PBF, which has the largest share of East Coast refining capacity at 28 percent, is trying to avoid the fate of other refiners who have shut or sold plants in the region. The loss of refining capacity has tightened fuel supplies near the New York Harbor, the delivery point for gasoline and heating oil futures.
“The availability of domestic and Canadian crudes at much better differentials to our Brent marker should lead to much better results on the East Coast in 2013, and even better than that in 2014 when our ability to process Canadian heavy doubles,” said PBF Chairman Tom O’Malley.
Hess Corp. (HES:US) is shutting its 70,000-barrel-a-day fluid catalytic cracker in Port Reading, New Jersey, by the end of the month. Sunoco Inc. shut Eagle Point, New Jersey, and Marcus Hook, Pennsylvania, sites in 2010 and 2011.
Deutsche Bank AG analyst Paul Sankey referred on the call to those plants as “zombie refineries” and asked whether PBF executives thought those shuttered plants might reopen with new access to discounted crude.
O’Malley said he didn’t think they would.
By the end of this year, PBF will have unloading racks in Delaware City able to take 70,000 barrels a day of light crude from the Bakken shale formation in North Dakota, 40,000 barrels a day of bitumen, a tar-like substance from oil-sands formations in Alberta, and 40,000 barrels a day of Western Canada Select, a heavy crude made by diluting bitumen.

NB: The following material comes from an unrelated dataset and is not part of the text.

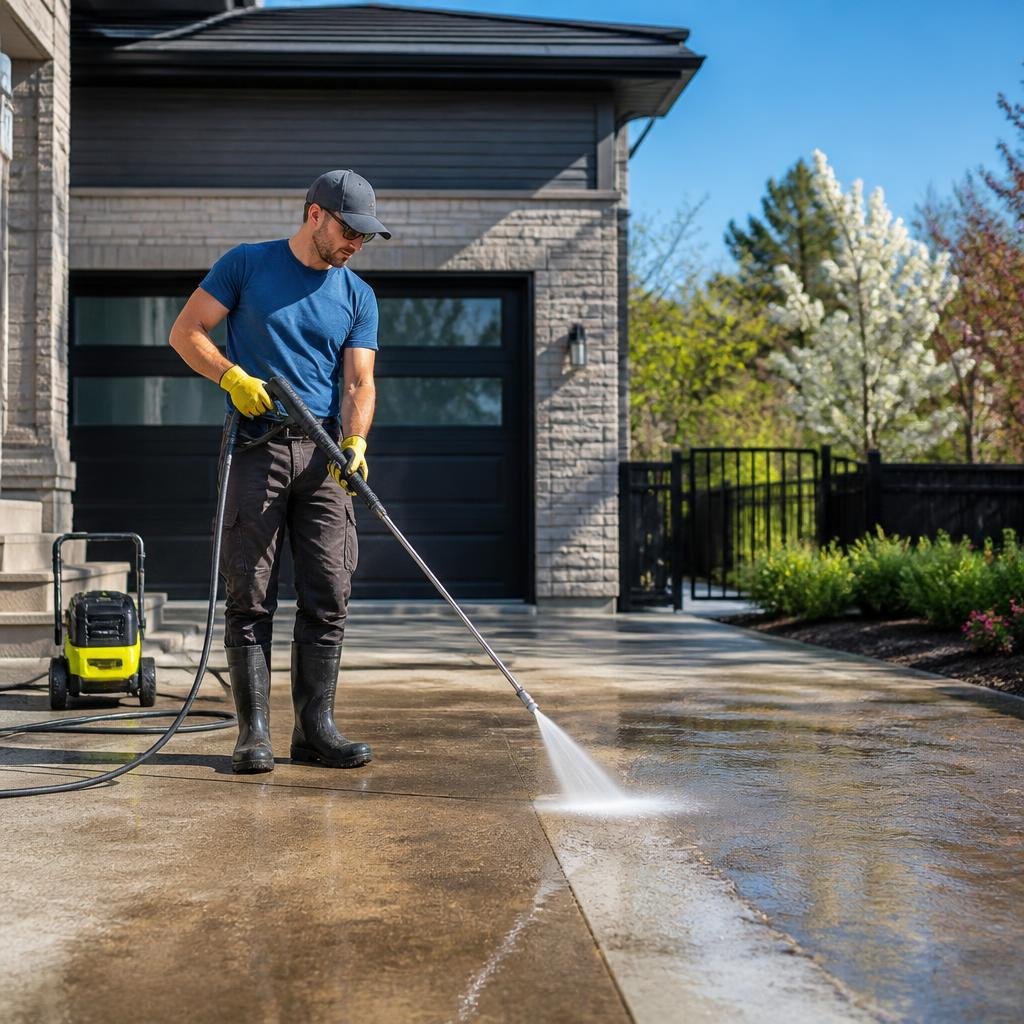 How to Pressure Wash Your Driveway in Orléans Safely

The company also has ordered 3,600 coiled and insulated rail cars to carry the heavy Canadian crude, which is so dense it needs to be heated before it can be transported from rail car to refinery.

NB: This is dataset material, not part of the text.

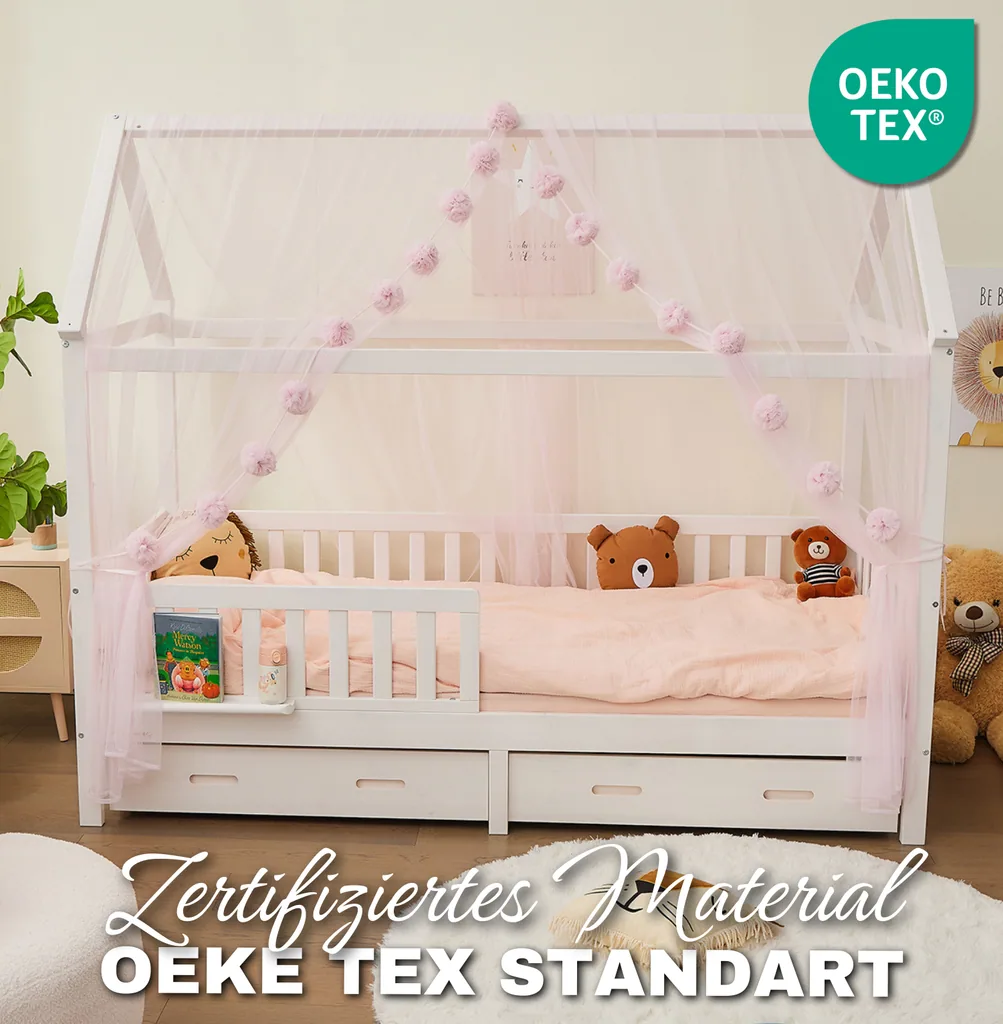 Alavya Home Deko-Set XL 150x340 cm Musselin Bio-Baumwolle - 3er-Set, Rosa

“On the heavy crude side, we’re convinced that this is a very, very, very long term trend,” O’Malley said. “The movement of Canadian heavy crude by rail, particularly if you can get bitumen into the the complex, and we can, then that’s something that’s around for the next decade.”

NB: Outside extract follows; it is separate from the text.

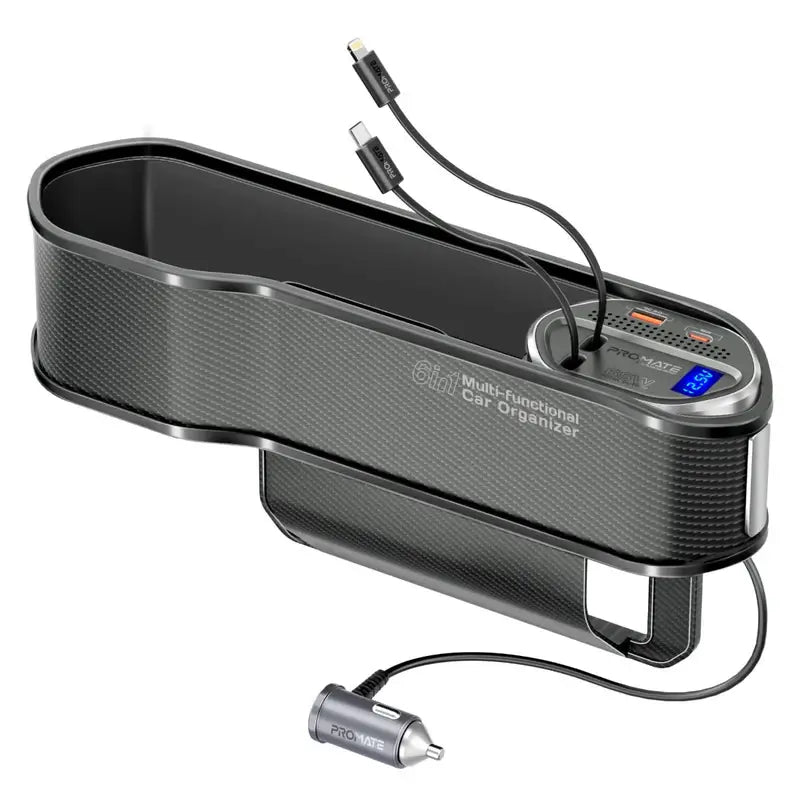 Promate CarMate-RPD Black 6 in 1 Multi-Functional Car Organizer, 65W Charging Station With 20W Lightning Retractable Cable, 30W USB-C Retractable Cable, USB-C/A Ports, LED Voltage Display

PBF’s 182,200-barrel-a-day Delaware City refinery will run all the heavy crude brought in by train, in addition other heavy oil shipped on tankers from Mexico and Venezuela, said Nimbley. The Bakken crude will be shared by the Delaware plant and a 185,000-barrel-a-day refinery in Paulsboro, New Jersey.
The smaller crude unit at Paulsboro will run all Bakken crude. The larger crude unit will run about 100,000 barrels a day of Saudi Arab Light, Nimbley said.
Bakken crude in Clearbrook, Minnesota, was at a discount of $22.77 a barrel to Brent crude yesterday, according to data compiled by Bloomberg. Nimbley said it cost PBF $12.50 a barrel to ship Bakken oil by rail to the refinery.
Western Canada Select cost $47.98 a barrel less than Brent yesterday. The cost to ship heavy Canadian oil by rail is about $17.50 a barrel, Nimbley said.
The Bakken shipments can replace higher-priced waterborne imports of light crude from West Africa and the east coast of Canada, Nimbley said. In addition to the lower cost, PBF would expect to see a greater benefit to profit margins because Bakken is higher-quality crude for PBF’s system, he said.